Always best to check the fit of the preferred model to the data.

```
gof_ds(past1.hn, plot = FALSE)
gof_ds(past2.hn, plot = FALSE)
gof_ds(past3.hn, plot = FALSE)
```

```
Goodness of fit results for ddf object
Distance sampling Cramer-von Mises test (unweighted)
Test statistic = 0.0939637 p-value = 0.615284
Goodness of fit results for ddf object
Distance sampling Cramer-von Mises test (unweighted)
Test statistic = 0.0478569 p-value = 0.889167
Goodness of fit results for ddf object
Distance sampling Cramer-von Mises test (unweighted)
Test statistic = 0.0402974 p-value = 0.931609
```

Further exploration of analyses involving stratification can be found in the example of dung survey analysis.

Note there is a difference of 14 AIC units between the model using stratum-specific detection functions and the model using a pooled detection function, with the stratum-specific detection function model being preferrable. To be thorough, absolute goodness of fit for the three stratum-specific detection functions is checked, and all models fit the data adequately.

This vignette focuses upon use of stratum-specific detection functions as a model selection exercise. Consequently, the vignette does not examine stratum-specific abundance or density estimates. That output is not included in this example analysis, but can easily be produced by continuing the analysis begun in this example.

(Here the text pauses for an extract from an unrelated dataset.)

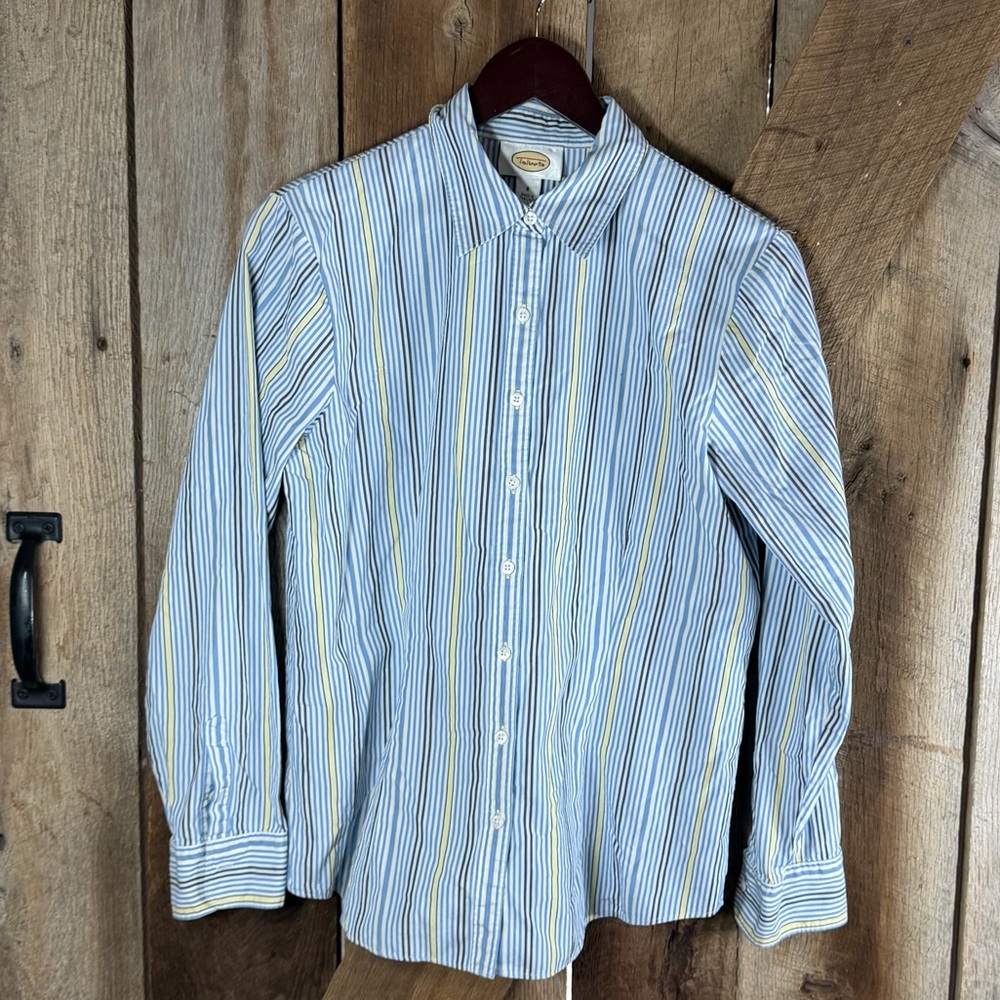 Talbots Women Striped Long Sleeve Button-Up Shirt Multicolor Size 8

Knopf, F. L., Sedgwick, J. A., & Cannon, R. W. (1988). Guild structure of a riparian avifauna relative to seasonal cattle grazing. *The Journal of Wildlife Management*, *52*(2), 280–290. https://doi.org/10.2307/3801235

*Journal of Statistical Software*, *89*(1), 1–28. https://doi.org/10.18637/jss.v089.i01

R Core Team. (2019). *R: A language and environment for statistical computing*. Vienna Austria: R Foundation for Statistical Computing.